This paper is a continuation of the authors’ earlier work published in [27] on the impact of the V2G concept on the energy management of a low-voltage grid. A realistic urban low-voltage distribution grid with high PV penetration and significant phase imbalance is used to examine the proposed V2G concept with the aim of minimizing the energy exchange with the superior-10 kV grid through three operational scenarios. The first scenario is the baseline scenario in which the impact of high PV penetration is analysed. In the second scenario, the optimal EV battery charging schedule is determined without considering the state of charge (SoC) of the battery at the end of the cycle. In the third scenario, the same charging schedule as in the second scenario is considered, but the SoC at the end of the charging cycle is taken into account. According to all the above, the following list summarizes the key contributions.

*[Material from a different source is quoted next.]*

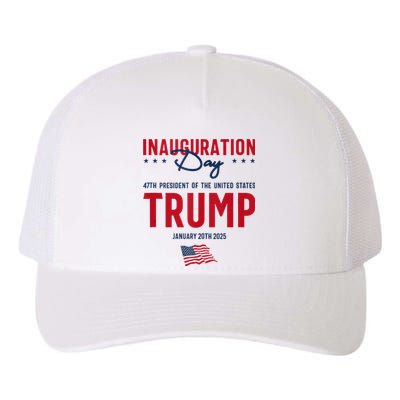 Trump 2025 Inauguration Day January 2025 Yupoong Adult 5-Panel Trucker Hat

• The urban distribution network is modelled according to the real-life data. Load profiles and EV charging patterns are obtained from conducted real-life measurements.
• Analysis is performed on unbalanced power flows since the distribution feeder is composed up of single-phase loads. Proposed EV charging patterns are presented as a mixed-integer nonlinear programming (MINLP) optimization model, and combined with unbalanced power flows, they represent the most accurate and realistic optimization model.
• The proposed EV charging pattern offers a robust and straightforward procedure that can be generally applied on all levels and types of integration.

The introduction is the first of four sections in this paper. The second section consists of the proposed optimization method and model description. The results of the performed simulations and calculations are presented in the third section. Concluding remarks are given in the fourth section.

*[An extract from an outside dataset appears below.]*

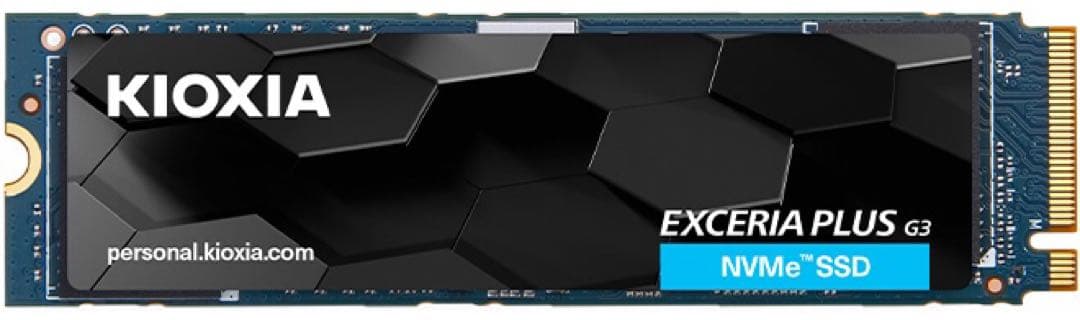 グラフィックボード・グラボ・ビデオカード KIOXIA G4 NVMe SSD 1TB & AMD RX 7700 XT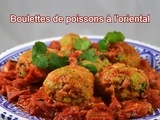 Boulettes de poisson à l’oriental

2. Proposed Optimization for V2G

The proposed optimization method is based on a general mathematical model of the objective function to minimize the energy exchange between the low-voltage distribution grid with the superior-10 kV grid with following constraints:

○

Unbalanced power flows;

○

Bus voltages;

○

Maximum rating of each system component;

○

Solar irradiance;

○

State of charge of the batteries;

○

Charging/discharging powers of the batteries;

○

Energy exchanges with the external grid.

2.1. Mathematical Formulation of the Proposed Optimization Model

The objective function of the proposed model is written according to Expression (1):

$$\min \{Si{n}_{i,t}-Se{x}_{i,t}\}$$

(1)

where:

$Si{n}_{i,t}$—the apparent power imported from the superior-10 kV grid at the i-th bus in period t;

$Se{x}_{i,t}$—the apparent power exported to the superior-10 kV grid at the i-th bus in period t.

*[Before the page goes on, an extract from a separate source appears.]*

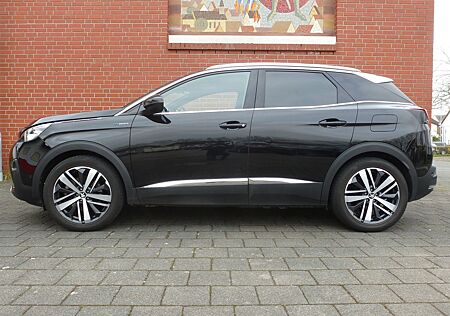 Peugeot 3008 GT HYBRID 300 PS AHK Pano Memory 19Zoll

All the constraints considered are detailed below and are shown in Expressions (2)–(11). The power flow equation is described by Expressions (2) and (3).

$$Pi{n}_{i,t}-Pe{x}_{i,t}={\displaystyle \sum }_{i=1}^N\left|V_{i,t}\right|\left|V_{k,t}\right|\left|Y_{ik}\right|\cos \left({\delta }_{i,t}-{\delta }_{k,t}-{\theta }_{ik}\right)$$

(2)

$$Qi{n}_{i,t}-Qe{x}_{i,t}={\displaystyle \sum }_{i=1}^N\left|V_{i,t}\right|\left|V_{k,t}\right|\left|Y_{ik}\right|\sin \left({\delta }_{i,t}-{\delta }_{k,t}-{\theta }_{ik}\right)$$

(3)

where:

$Pi{n}_{i,t}$—the active power imported from the superior-10 kV grid at the i-th bus in period t;

$Pe{x}_{i,t}$—the active power exported to the superior-10 kV grid at the i-th bus in period t;

$Qi{n}_{i,t}$—the reactive power imported from the superior-10 kV grid at the i-th bus in period t;

$Qe{x}_{i,t}$—the reactive power exported to the superior-10 kV grid at the i-th bus in period t;

$V_{i,t}$—the voltage magnitude at the i-th bus in period t;

$V_{k,t}$—the voltage magnitude at the k-th bus in period t;

$Y_{ik}$—the i-th element of the bus admittance matrix ${\mathit{Y}}_{bus}$;

${\delta }_{i,t}$—the voltage phase angle at the i-th bus in period t;

${\delta }_{k,t}$—the voltage phase angle at the k-th bus in period t;

${\theta }_{ik}$—the phase angle i-th element of the bus admittance matrix ${\mathit{Y}}_{bus}$.

Maintaining the voltage within specified limits is described by (4):

$$V_{min} \le V_{i,t} \le V_{max}$$

(4)

where:

$V_{min}$—the lower voltage limit;

V_max—the upper voltage limit.

The thermal limitation of the power system component due to the overload current can be described with Expression (5):

$$0 \le P_{ik,t} \le P_{ik,max}$$

(5)

where:

$P_{ik,t}$—the active power at the ijth element in period t;

$P_{ik,max}$—the active power limit at the ijth element.

The limitation of electricity generation from the PV is defined in Expression (6):

$$Sp{v}_{pv,t}\le \sqrt{Pp{v}_{pv,t}^2+Qp{v}_{pv,t}^2}$$

(6)

where:

$Sp{v}_{pv,t}$—the apparent power of the PV inverter in period t;

$Pp{v}_{pv,t}$—the active power of the PV inverter in period t;

$Qp{v}_{pv,t}$—the reactive power of the PV inverter in period t.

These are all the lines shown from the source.